Je traverse ensuite des villages pittoresques qui me font imaginer le quotidien de ces habitants. C’est un de mes grands plaisirs : m’imaginer quelle serait ma vie si j’habitais dans les endroits que je visite. Juste avant la transition à la course, je croise les fortifications de la ville qui sont encore solides malgré leurs 800 ans (note à la Ville de Montréal : construire du solide, ça se peut).

Chaque fois que je croise les vieux murs d’une ville, j’ai toujours ce même souhait : j’aimerais que, comme dans un conte, ils puissent me parler et me raconter tout ce qu’ils ont vu au fil du temps.

Je finis par enfiler mes runnings et partir pour les 21 km de course qui m’attendent.
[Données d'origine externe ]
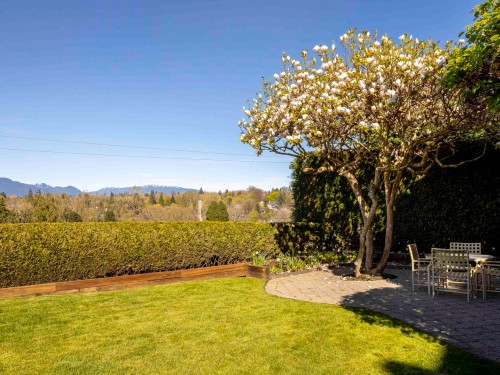 5012 Maple Street, Vancouver, BC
Malgré le fait que, chaque fois, je me demande pourquoi je fais ça, je finis par me calmer la tête avec la pensée d’apprécier où je suis. Chaque autre participant que je croise m’amène à imaginer comment est sa vie. J’essaye d’imaginer sa ville ou son village, imaginer les décors qu’il ou elle croise pendant l’entraînement. Du coup, tout passe plus vite.

Évidemment, ce n’est qu’un bref résumé d’une expérience physique de plusieurs heures, mais si ce texte vous a fait revivre des voyages que vous aviez oubliés, si certains souvenirs oubliés se manifestent... eh bien, content de vous avoir fait voyager.